Assuming those users belong to the same UNIX user group, you may issue:
chmod ug+rwx /var/spark/logs
chmod ug+rwx /var/spark/work
chmod ug+rwx /tmp/spark/scratch
chmod ug+rwx /tmp/spark/pid
-
Update the $SPARK_CONF_DIR/spark-env.sh script with the new
environment variables pointing to the newly created working directories.
For example:
export SPARK_WORKER_DIR=/var/spark/work
-
Configure these directories to be cleaned regularly.
-
Configure Spark to
perform cleanup.
By default,
Spark does
not regularly clean up worker directories, but you can configure it to do so. Change the following
Spark properties in
$SPARK_CONF_DIR/spark-defaults.conf to values that support your planned
activity, and monitor these settings over time:
- spark.worker.cleanup.enabled
- Enables periodic cleanup of worker and application directories. This is disabled by default. Set
to true to enable it.
- spark.worker.cleanup.interval
- The frequency, in seconds, that the worker cleans up old application work directories. The
default is 30 minutes. Modify the value as you deem appropriate.
- spark.worker.cleanup.appDataTtl
- Controls how long, in seconds, to retain application work directories. The default is 7 days,
which is generally inadequate if Spark jobs are run frequently.
Modify the value as you deem appropriate.
For more information about these properties, see http://spark.apache.org/docs/2.4.8/spark-standalone.html.
-
Configure Spark to
enable rolling log files.
Be default, Spark
retains all of the executor log files. You can change the following Spark properties in
$SPARK_CONF_DIR/spark-defaults.conf to enable rolling of executor logs:
- spark.executor.logs.rolling.maxRetainedFiles
- Sets the number of latest rolling log files that are going to be retained by the system. Older
log files will be deleted. The default is to retain all log files.
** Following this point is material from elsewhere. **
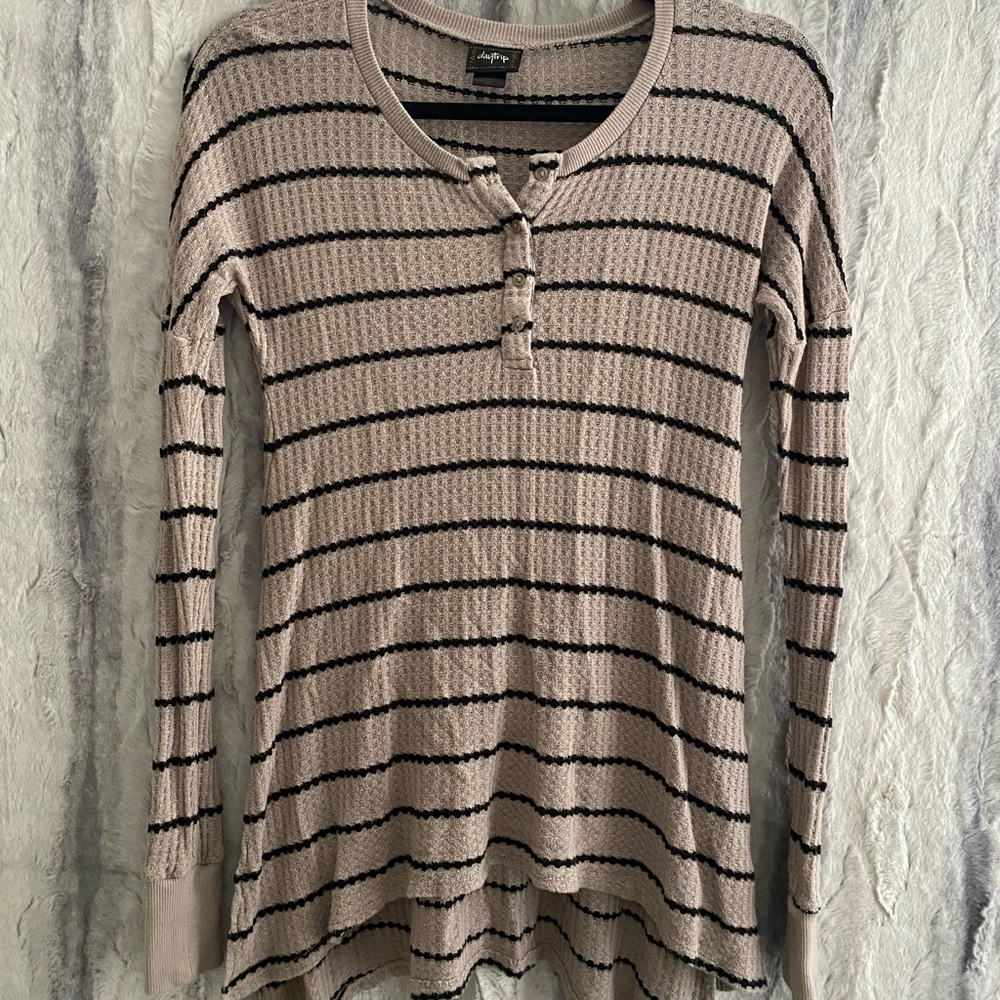 Daytrip XS tunic style top EUC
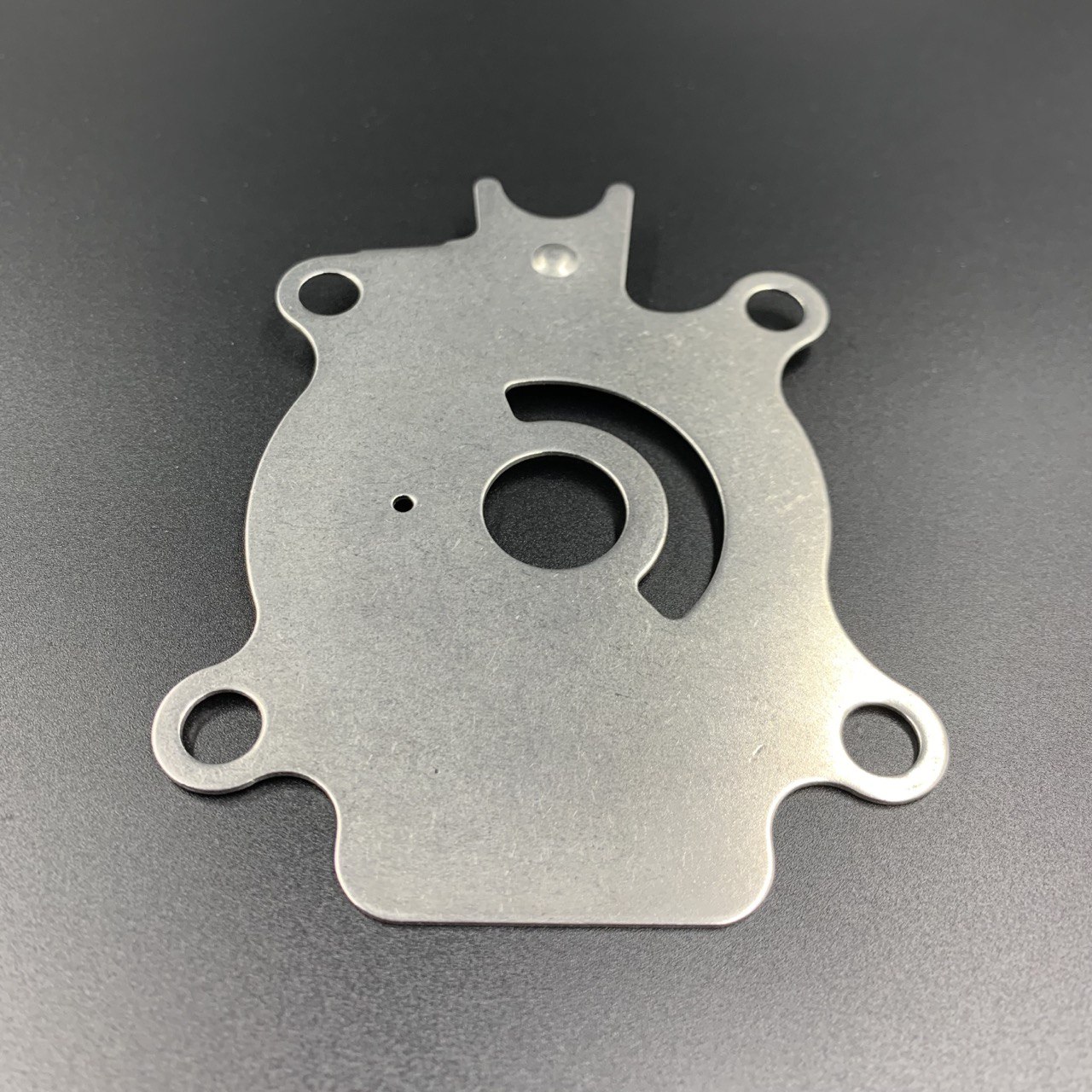 photo5415663060145778902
- spark.executor.logs.rolling.strategy
- Sets the strategy for rolling of executor logs. By default, it is disabled. The valid values
are:
- time
- Time-based rolling. Use
spark.executor.logs.rolling.time.interval
to set the
rolling time interval.
- size
- Size-based rolling. Use
spark.executor.logs.rolling.maxSize
to set the maximum
file size for rolling.
- spark.executor.logs.rolling.time.interval
- Sets the time interval by which the executor logs will be rolled over. Valid values are:
daily
hourly
minutely
- Any number of seconds
- spark.executor.logs.rolling.maxSize
- Sets the maximum file size, in bytes, by which the executor logs will be rolled over.
For more information about these properties, see http://spark.apache.org/docs/2.4.8/configuration.html.
-
Create jobs that clean up or archive the following directories listed in Table 1:
- $SPARK_LOG_DIR
- $SPARK_WORKER_DIR, if not configured to be cleaned by Spark properties
- $SPARK_LOCAL_DIRS
z/OS® UNIX ships
a sample script, skulker, that you can use as written or modify to suit your
needs. The -R option can be useful, as Spark files are often nested in
subdirectories. You can schedule skulker to run regularly from
cron or other in-house automation tooling. You can find a
sample skulker script in the /samples directory. For more
information about skulker, see "skulker - Remove old files from a directory" in
z/OS UNIX System Services Command Reference.
- Optional:
Periodically check all file systems involved in Spark (such as
$SPARK_HOME and any others mounted under it or elsewhere).
- You can specify the FSFULL parameter for a file system to that it generates operator messages as
the file system reaches a user-specified threshold.
- Look for the number of extents, which can impact I/O performance for the disks involved. Perform
these steps to reduce the number of extents:
- Create and mount a new zFS.
- Use copytree, tar, or similar utilities to copy the key
directories from the old file system to the new one.
- Unmount the old file system and re-mount the new file system in its place.
For more information, see "Managing File System Size" in z/OS DFSMSdfp Advanced Services.
Note: Update the
BPXPRMxx member of parmlib with the new file systems.
Results
You have completed the customization of your Apache Spark directory structure.